The question is, whether, given
class Base:pass class MyExc(Base, Exception):pass
it would be valid to write
try: foo() # raises MyExc except Base: pass
The "except Base:" class would of course be illegal because Base doesn't derive from Exception. (Although the error might only be detected when MyExc is raised -- but PyChecker could do better.) But the statement "raise MyExc" would be perfectly legal, and could be caught either with "except MyExc" or "except Exception".
If that ought to be allowed, I fail to see the rationale to require that exceptions be derived from Exception: The rationale could be "all exceptions are primarily instances of Exception" - yet in this case, Base is the primary class, and Exception is just a mix-in that plays no further role in this case of exception handling.
I have never heard of the concept "primarily an instance of". I also don't understand why that should be the rule.
If you want to allow Base in the except clause, but do allow Base as
^^^^^ Did you mean "disallow"?
the base class of MyExc, I'd be curious what run-time semantics you'd associate with this example.

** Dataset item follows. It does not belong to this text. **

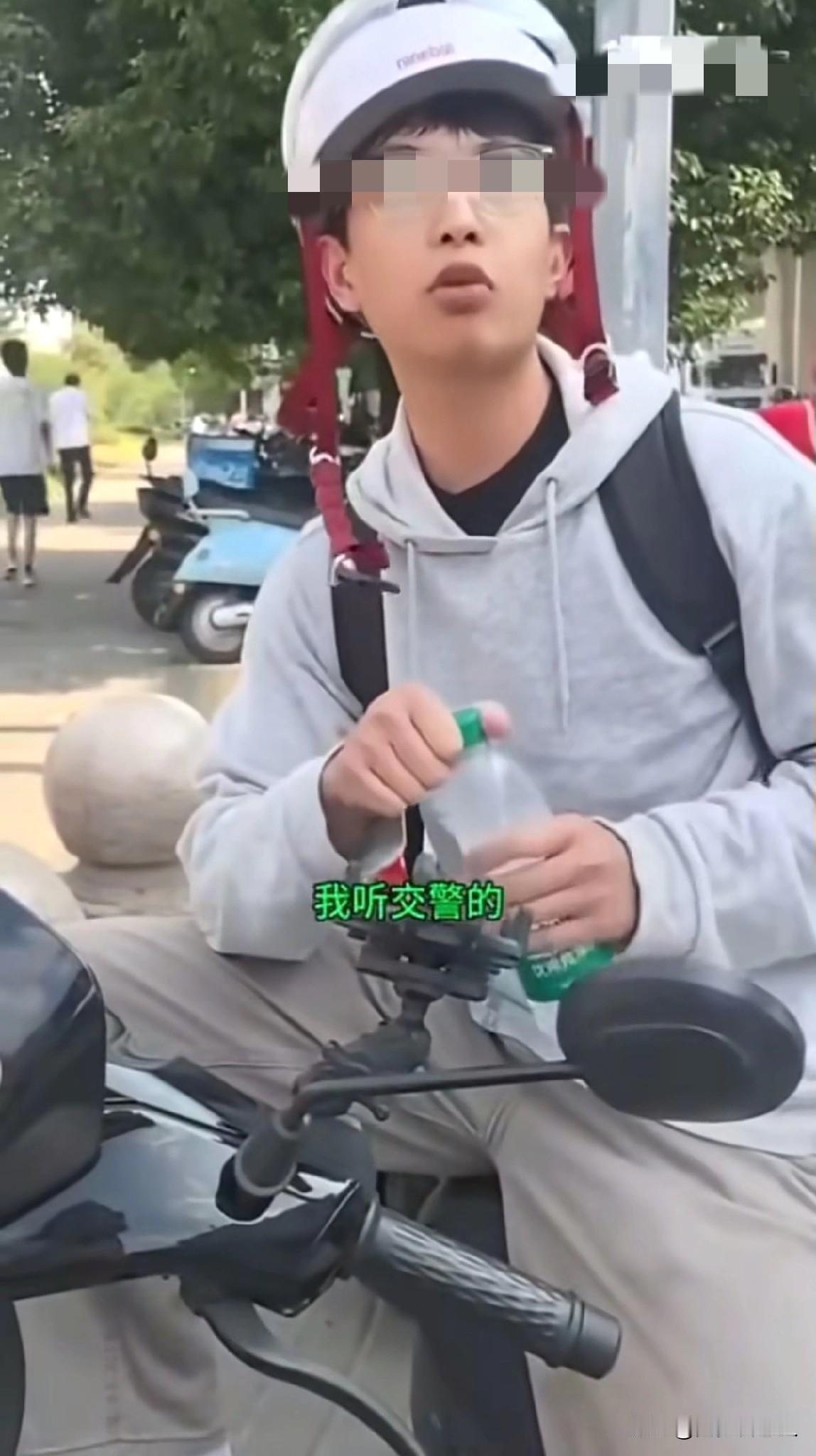 想不通“我听交警事件”的那个女孩，她为什么会被拘留，她犯了什么法？事件起因很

Before we waste more time on this, let me explain why I like the rule that all exception classes be derived from Exception. It's only a vague liking, and maybe it's not worth making it a rule. I like it because including Exception (or one of its well-known subclasses) in the base class is a clue to the reader that a particular class declaration is used as an exception. AFAIK this is the only reason why Java has a similar rule; C++ does not, and lets you throw any class.
I can't see any implementation benefits from the requirement. It sounds like you can't either -- or else you would have pointed them out by now. So maybe we shouldn't bother with this rule, and then we should take the recommendation out of the documentation. But I still kind of like it, for the reason I explained in the previous paragraph.